Calmly butter the tart tins and place them on a baking sheet. Roll the pastry out thinly and minimize 6 discs roughly 15cm in diameter. Use the discs to fill the tart tins, pushing the pastry gently into the corners. Place a chunk of paper in every tart case alongside with baking beans to forestall the pastry slipping or rising. Bake for 20 minutes, then take away the tray of tart instances from the oven, raise out the paper and beans, then return the instances to the oven for 3 or 4 minutes till dry to the contact.

It’s price rigorously loosening the tart instances of their tins so they’re simpler to take away as soon as stuffed and baked. Stir the filling, then spoon into the tarts. Bake for an additional 30-35 minutes, take away them from the oven and permit to relaxation for 10 minutes earlier than serving.

Roast pheasant with apples and cider

‘Served with a soupy sauce of cider, bacon and sage’: roast pheasant with apples and cider.
‘Served with a soupy sauce of cider, bacon and sage’: roast pheasant with apples and cider. {Photograph}: Jonathan Lovekin/The Observer

I discover even the plumpest pheasant feeds simply 2 individuals, however they turn out to be good worth once you use the bones for soup. The bacon – or pancetta in the event you choose – is there not solely for flavour however for its fats, which pheasants are likely to lack. Test the birds’ progress within the oven often, however I discover erring on the aspect of under-rather an over-cooking offers a juicier outcome. Serves 2

pheasants 2
butter 30g
unsmoked streaky bacon rashers 6, minimize into quick lengths, or small cubes of pancetta
onions 2, medium
dry cider 250ml
bay leaves 2
sage leaves 3 or 4
apples 4-6, small and tart

Preheat the oven to 160C/gasoline mark 3. Season the pheasants with salt and black pepper. Peel and roughly chop the onions. Soften the butter in a deep casserole or roasting dish over a reasonable warmth, add the bacon or pancetta and sizzle for a few minutes till the fats is golden, then add the onions and proceed till they’re smooth and pale gold. Take away from the pan and put aside.

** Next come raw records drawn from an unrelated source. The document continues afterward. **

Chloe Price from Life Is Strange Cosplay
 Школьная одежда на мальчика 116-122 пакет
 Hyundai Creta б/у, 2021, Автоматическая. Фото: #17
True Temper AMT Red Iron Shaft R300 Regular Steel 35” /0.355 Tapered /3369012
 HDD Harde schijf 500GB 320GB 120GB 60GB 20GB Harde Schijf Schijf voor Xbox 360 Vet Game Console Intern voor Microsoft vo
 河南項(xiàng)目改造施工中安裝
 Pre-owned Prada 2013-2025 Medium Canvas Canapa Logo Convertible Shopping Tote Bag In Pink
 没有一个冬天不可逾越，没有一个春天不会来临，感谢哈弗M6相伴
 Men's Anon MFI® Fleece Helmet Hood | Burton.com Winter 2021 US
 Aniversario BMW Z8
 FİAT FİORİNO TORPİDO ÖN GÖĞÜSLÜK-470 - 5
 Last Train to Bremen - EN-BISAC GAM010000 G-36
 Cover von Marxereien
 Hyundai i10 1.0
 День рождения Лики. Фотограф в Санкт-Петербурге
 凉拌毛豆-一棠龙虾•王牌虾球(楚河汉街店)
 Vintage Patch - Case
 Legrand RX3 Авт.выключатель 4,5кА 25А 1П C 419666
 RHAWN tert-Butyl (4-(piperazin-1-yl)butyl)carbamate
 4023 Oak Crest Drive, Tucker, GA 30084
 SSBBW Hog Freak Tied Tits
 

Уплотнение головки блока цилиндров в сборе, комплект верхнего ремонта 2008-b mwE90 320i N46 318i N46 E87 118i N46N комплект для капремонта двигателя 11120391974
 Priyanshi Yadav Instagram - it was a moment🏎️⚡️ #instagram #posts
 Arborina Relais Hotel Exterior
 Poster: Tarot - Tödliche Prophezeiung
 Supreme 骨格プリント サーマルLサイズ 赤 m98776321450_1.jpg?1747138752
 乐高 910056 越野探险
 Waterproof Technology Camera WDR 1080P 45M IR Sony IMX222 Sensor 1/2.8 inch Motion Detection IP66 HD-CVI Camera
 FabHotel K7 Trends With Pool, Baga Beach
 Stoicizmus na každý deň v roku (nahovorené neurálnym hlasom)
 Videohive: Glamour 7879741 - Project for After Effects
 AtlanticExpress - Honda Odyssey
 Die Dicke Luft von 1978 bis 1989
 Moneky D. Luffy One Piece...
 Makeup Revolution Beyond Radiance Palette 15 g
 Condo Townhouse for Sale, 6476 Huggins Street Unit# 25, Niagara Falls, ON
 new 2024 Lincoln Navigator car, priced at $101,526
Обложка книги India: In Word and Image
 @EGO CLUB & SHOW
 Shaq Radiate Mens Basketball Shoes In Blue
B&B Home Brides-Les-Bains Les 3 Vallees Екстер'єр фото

Introduce the pheasants to the pan, letting them color on all sides, turning them within the fats as mandatory, till golden. Raise them out and put aside with the bacon.

Pour the cider into the pan and carry to the boil, stirring within the juices which have caramelised on the underside, then return the bacon, onions, pheasants and any escaped cooking juices to the pan.

Rating every apple round its center with a knife – it can cease them splitting within the oven. Add the bay, sage leaves and apples to the pan, then cowl with a lid, place within the oven and go away to roast for about 50 minutes.

Check for doneness – the meat ought to be juicy, very barely pink inside and the pores and skin ought to be amber gold. Take away from the oven and put aside, nonetheless lined, to relaxation for 10 minutes.

Serve the birds with the apples and pan juices. The aromatics within the tin ought to have the deeply appley spirit of autumn.